Das kommt dann in einen der vier Ports am Netzteil rein. Welcher ist egal.
Der versorgt die Grafikkarte.
Falls das aus irgendwelchen Gründen nicht reichen sollte -- das merkst du daran, dass das Netzteil unter Last abschaltet -- musst du beide PCIe Doppelstränge benutzen und die Last auf beide Rails verteilen.
Aber anfangen tust du erst mal nur mit einer Rail und einem Strang.

Wobei das 650er Modell echt Murks ist.
Beim P11 nimmst du entweder das 550er oder gleich das 850er, aber nichts dazwischen.


----------



## Acoustico (16. März 2018)

*AW: Dark Power Pro 11 / 1080 TI richtig anschließen*

Ok, danke für die Erklärung der Anschlüsse.

Murks würde aber bedeuten, dass das Netzteil totaler Schrott ist. Kannst du näher erläutern warum? Die Testberichte im Netz waren durchgehend positiv, deshalb auch der Kauf.


----------



## airXgamer (16. März 2018)

*AW: Dark Power Pro 11 / 1080 TI richtig anschließen*

Ich vermute, dass das 650W nur ein hochgelabeltes 550W ist und Threshold deshalb davon abrät. Ab 850W geht es dann mit besserer Technik weiter.
Trotzdem liegen die Geräte auf einem sehr sehr hohen Qualitätsniveau, wobei sich durch das E11 (Straight Power 11) mit sehr ähnlicher Technik momentan beQuiet echt selbst Konkurrenz macht.


----------



## Threshold (16. März 2018)

*AW: Dark Power Pro 11 / 1080 TI richtig anschließen*



Acoustico schrieb:


> Murks würde aber bedeuten, dass das Netzteil totaler Schrott ist. Kannst du näher erläutern warum?

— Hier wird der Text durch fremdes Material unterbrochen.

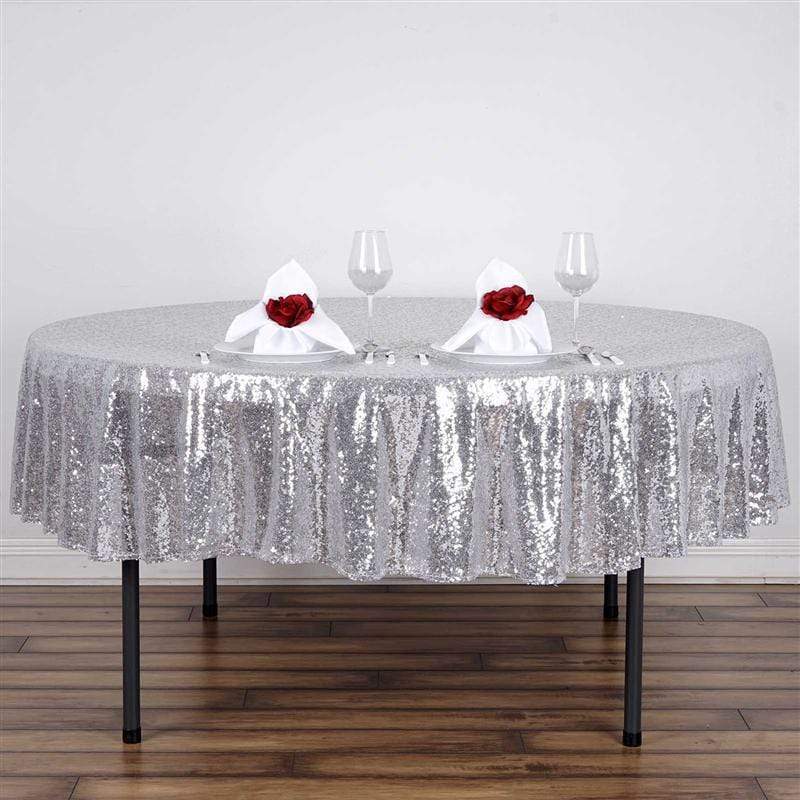 90" Round Sequin Tablecloth - Silver Light Gray TAB_02_90_SILV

Die Testberichte im Netz waren durchgehend positiv, deshalb auch der Kauf.



Mit Murks meine ich, dass es überflüssig ist.
für deine Hardware reicht das 550er Modell locker. Das ist zudem leiser als das 650er Modell.
Beim 850er hast du eine bessere Plattform, daher ist das zu empfehlen, wenn man mehr Leistung benötigt.
Daher ist das 650er und 750er Modell überflüssig. Überflüssig --> Murks.


----------



## Acoustico (16. März 2018)

*AW: Dark Power Pro 11 / 1080 TI richtig anschließen*

Achso, ja das ist ja dann nicht so schlimm...murks bedeutet ja eigentlich "Pfusch" oder "Fehlkonstruktion"...da habe ich mir schon Sorgen gemacht wo ich meine 150€ investiert habe.  Ne dann passt ja alles, danke.


----------



## IICARUS (16. März 2018)

*AW: Dark Power Pro 11 / 1080 TI richtig anschließen*



Threshold schrieb:


> Aber anfangen tust du erst mal nur mit einer Rail und einem Strang.

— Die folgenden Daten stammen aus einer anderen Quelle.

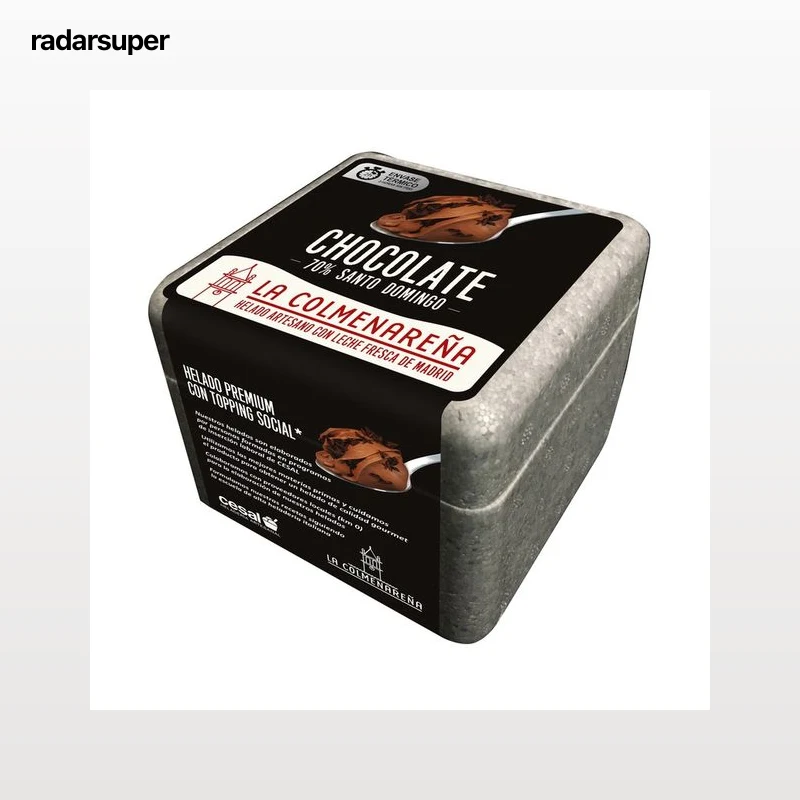 LA COLMENAREÑA Tarrina de helado cremoso de chocolate (70%) de Santo Domingo 500 ml.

Habe ich bei meinem P11 auch so gemacht, da ich keine unnötigen Kabeln im Gehäuse herum liegen haben wollte.
Grafikkarte läuft so bei mir auch ohne Probleme.

Habe auch 550 Watt Variante ausgewählt, da für mein System vollkommen ausreichend ist.


----------



## Threshold (16. März 2018)

*AW: Dark Power Pro 11 / 1080 TI richtig anschließen*



Acoustico schrieb:


> Achso, ja das ist ja dann nicht so schlimm...murks bedeutet ja eigentlich "Pfusch" oder "Fehlkonstruktion"...da habe ich mir schon Sorgen gemacht wo ich meine 150€ investiert habe.  Ne dann passt ja alles, danke.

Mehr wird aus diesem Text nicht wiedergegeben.